Protein Stability and Photostability under In Vitro Vitreal Conditions - Implications for Long Acting Delivery of Protein Therapeutics for Ocular Disease.

机构信息

Pharmaceutical Development, Genentech Inc. South San Francisco, South San Francisco, California, 94080, USA.

出版信息

Pharm Res. 2020 Apr 26;37(5):85. doi: 10.1007/s11095-020-02798-9.
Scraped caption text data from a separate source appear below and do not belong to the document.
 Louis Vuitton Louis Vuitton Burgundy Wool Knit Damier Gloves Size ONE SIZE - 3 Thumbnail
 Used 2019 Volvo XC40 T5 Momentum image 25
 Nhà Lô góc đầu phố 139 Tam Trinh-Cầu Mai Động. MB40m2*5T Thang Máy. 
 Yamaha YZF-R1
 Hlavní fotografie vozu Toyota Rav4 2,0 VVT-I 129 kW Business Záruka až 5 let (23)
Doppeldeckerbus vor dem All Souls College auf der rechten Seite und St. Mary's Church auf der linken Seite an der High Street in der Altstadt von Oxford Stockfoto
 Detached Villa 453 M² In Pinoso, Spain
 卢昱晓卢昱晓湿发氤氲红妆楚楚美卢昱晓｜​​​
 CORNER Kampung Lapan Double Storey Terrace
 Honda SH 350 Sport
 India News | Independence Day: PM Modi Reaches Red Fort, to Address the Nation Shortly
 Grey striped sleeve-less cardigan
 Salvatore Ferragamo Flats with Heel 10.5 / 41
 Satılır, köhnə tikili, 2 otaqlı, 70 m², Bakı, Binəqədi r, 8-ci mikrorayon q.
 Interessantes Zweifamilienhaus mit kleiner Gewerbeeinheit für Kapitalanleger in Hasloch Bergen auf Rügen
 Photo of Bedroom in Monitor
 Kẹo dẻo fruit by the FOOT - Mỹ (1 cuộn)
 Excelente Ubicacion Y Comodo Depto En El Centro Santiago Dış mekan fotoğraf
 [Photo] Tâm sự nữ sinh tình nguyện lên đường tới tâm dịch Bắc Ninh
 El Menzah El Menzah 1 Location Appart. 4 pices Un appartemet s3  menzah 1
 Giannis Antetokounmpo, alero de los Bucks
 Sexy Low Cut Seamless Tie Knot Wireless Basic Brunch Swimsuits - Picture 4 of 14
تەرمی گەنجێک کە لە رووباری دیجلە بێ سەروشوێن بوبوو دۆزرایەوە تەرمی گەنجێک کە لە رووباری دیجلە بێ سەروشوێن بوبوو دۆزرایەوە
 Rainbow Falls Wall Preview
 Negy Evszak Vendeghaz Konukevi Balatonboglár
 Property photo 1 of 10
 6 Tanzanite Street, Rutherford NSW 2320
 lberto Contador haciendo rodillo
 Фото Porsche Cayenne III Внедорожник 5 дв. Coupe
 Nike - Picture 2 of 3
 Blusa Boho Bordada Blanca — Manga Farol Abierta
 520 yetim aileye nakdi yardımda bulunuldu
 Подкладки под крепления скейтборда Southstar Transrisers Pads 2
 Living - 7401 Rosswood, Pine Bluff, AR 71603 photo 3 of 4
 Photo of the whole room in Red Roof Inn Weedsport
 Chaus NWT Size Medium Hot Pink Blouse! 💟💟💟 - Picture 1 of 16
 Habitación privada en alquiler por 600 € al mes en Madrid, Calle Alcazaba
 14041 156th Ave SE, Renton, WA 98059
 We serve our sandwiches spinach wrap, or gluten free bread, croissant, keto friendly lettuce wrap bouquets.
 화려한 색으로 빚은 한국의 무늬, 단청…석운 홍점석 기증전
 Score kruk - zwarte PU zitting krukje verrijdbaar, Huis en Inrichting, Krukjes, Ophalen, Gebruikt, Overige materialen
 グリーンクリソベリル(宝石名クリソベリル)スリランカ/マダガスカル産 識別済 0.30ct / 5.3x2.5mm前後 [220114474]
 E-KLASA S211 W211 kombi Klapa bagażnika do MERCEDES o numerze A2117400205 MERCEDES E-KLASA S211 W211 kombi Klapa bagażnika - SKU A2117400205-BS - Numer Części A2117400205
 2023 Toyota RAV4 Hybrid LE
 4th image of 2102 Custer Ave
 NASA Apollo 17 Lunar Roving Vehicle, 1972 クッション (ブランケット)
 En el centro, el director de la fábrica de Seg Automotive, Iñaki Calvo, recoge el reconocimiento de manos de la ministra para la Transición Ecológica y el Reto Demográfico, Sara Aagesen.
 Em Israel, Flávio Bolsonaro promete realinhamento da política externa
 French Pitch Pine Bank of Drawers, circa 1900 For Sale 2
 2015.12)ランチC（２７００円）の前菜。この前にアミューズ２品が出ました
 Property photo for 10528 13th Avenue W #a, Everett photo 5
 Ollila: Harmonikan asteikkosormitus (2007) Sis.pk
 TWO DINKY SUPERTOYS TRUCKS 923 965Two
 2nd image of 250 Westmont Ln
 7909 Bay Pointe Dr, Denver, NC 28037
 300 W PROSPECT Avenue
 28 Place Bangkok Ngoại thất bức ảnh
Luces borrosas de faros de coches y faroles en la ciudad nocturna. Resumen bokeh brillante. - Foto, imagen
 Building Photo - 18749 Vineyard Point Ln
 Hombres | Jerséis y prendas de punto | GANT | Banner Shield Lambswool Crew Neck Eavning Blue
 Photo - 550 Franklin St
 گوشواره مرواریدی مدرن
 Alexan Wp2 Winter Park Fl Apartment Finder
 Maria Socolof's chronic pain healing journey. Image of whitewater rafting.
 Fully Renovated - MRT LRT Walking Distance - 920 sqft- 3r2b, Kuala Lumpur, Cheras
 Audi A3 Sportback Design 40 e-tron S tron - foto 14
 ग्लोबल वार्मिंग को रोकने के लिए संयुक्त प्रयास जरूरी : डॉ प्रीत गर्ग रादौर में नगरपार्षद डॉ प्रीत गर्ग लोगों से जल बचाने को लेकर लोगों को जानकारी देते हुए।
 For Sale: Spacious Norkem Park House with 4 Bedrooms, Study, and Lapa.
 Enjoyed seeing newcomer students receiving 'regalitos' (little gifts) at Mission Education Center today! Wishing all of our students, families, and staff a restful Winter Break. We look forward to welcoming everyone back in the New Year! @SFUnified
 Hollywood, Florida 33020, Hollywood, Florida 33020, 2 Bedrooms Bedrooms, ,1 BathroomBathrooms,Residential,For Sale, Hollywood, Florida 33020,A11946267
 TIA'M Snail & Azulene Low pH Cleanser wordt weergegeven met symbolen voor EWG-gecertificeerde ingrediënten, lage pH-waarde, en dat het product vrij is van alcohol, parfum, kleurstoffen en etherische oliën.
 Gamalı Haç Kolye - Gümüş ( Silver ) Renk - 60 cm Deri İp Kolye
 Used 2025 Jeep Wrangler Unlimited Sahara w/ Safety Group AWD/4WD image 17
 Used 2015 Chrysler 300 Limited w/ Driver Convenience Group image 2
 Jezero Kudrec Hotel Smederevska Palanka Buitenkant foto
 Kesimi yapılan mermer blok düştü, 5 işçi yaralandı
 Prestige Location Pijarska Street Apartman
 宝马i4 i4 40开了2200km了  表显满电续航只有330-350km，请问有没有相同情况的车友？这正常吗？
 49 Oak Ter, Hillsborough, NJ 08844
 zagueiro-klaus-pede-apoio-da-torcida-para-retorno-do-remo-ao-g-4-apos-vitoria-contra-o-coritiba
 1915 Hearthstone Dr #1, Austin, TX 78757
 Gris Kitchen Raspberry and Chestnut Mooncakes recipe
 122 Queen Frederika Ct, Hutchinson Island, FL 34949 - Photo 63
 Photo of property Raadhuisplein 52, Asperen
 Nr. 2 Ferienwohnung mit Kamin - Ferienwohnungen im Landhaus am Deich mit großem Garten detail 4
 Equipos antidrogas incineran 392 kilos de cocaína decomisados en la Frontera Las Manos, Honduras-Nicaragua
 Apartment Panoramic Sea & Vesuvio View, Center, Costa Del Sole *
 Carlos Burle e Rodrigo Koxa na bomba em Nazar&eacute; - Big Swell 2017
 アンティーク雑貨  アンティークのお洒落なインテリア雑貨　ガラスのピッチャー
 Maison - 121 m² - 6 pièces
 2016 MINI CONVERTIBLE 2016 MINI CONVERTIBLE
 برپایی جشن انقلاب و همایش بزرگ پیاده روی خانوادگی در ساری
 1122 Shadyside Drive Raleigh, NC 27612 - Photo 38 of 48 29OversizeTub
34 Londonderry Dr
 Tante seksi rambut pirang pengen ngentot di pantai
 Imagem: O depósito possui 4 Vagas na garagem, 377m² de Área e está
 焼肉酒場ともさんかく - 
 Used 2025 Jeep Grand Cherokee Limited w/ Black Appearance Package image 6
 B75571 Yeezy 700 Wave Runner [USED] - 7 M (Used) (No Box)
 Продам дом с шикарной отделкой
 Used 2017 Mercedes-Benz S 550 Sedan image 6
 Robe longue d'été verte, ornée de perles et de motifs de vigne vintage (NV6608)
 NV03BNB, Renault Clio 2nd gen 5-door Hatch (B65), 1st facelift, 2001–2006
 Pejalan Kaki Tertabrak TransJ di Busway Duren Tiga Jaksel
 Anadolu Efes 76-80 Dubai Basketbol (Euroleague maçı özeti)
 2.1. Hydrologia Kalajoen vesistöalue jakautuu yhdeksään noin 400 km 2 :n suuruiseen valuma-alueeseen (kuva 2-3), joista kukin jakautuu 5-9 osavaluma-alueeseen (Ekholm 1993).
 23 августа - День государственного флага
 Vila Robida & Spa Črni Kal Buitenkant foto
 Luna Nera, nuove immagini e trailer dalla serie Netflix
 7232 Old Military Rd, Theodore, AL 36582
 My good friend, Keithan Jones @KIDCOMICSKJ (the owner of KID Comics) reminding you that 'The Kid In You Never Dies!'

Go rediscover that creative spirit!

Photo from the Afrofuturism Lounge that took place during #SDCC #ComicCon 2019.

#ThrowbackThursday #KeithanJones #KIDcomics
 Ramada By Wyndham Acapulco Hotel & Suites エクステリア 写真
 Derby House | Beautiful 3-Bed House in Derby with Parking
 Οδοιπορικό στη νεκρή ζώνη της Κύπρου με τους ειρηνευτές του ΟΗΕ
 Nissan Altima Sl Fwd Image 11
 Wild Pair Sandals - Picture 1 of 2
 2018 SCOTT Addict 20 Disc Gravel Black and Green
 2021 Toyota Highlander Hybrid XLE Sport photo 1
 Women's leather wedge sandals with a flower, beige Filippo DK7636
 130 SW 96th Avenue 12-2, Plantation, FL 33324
DOI:10.1007/s11095-020-02798-9
PMID:32337641
Abstract

PURPOSE

To evaluate the stability of a model Mab1 and Fab1 under in vitro vitreal conditions in the presence of various metabolites and in the presence of light at λ > 400 nM.

METHODS

A full length IgG1 monoclonal antibody (Mab1) and a fab fragment (Fab1) were formulated with various metabolites typically found in the vitreous humor and subjected to visible light treatment. Both proteins were analyzed using a variety of biochemical techniques. Furthermore, Fab1 was also tested for antigen binding ability using surface plasmon resonance.

RESULTS

Our data shows that some vitreal metabolites such as riboflavin and ascorbic acid affect protein stability, via formation of reactive oxygen species (ROS) and advanced glycation end products (AGE) s respectively. In contrast, metabolites such as glutathione may protect these proteins from light-induced degradation to some extent.

CONCLUSIONS

Ascorbic acid and riboflavin were found to photosensitize therapeutic proteins especially when exposed to light. Ascorbic acid reacted with proteins even in the absence of light. Antioxidants such as glutathione helped limit photooxidation under ambient or blue light exposure. Since antioxidant capacity in the eye decreases with age we recommend understanding long term stability, including photooxidation and photosensitization, of new candidate proteins in the context of controlled or sustained release technologies for ocular diseases.

摘要

目的

评估模型 Mab1 和 Fab1 在存在各种代谢物和 λ>400nm 光的情况下在玻璃体条件下的稳定性。

方法

全长 IgG1 单克隆抗体(Mab1)和 Fab 片段(Fab1)与通常存在于玻璃体液中的各种代谢物一起配制,并进行可见光处理。使用各种生化技术分析两种蛋白质。此外,还使用表面等离子体共振法测试 Fab1 的抗原结合能力。

结果

我们的数据表明,一些玻璃体液代谢物,如核黄素和抗坏血酸,分别通过形成活性氧(ROS)和晚期糖基化终产物(AGE)s 来影响蛋白质稳定性。相比之下,谷胱甘肽等代谢物可能在一定程度上保护这些蛋白质免受光诱导的降解。

结论

抗坏血酸和核黄素被发现会使治疗蛋白敏化,尤其是在暴露于光下时。抗坏血酸即使在没有光的情况下也会与蛋白质发生反应。抗氧化剂如谷胱甘肽有助于在环境或蓝光照射下限制光氧化。由于眼睛中的抗氧化能力随着年龄的增长而下降,因此我们建议在控制或持续释放技术的背景下了解新候选蛋白的长期稳定性,包括光氧化和光敏化,以治疗眼部疾病。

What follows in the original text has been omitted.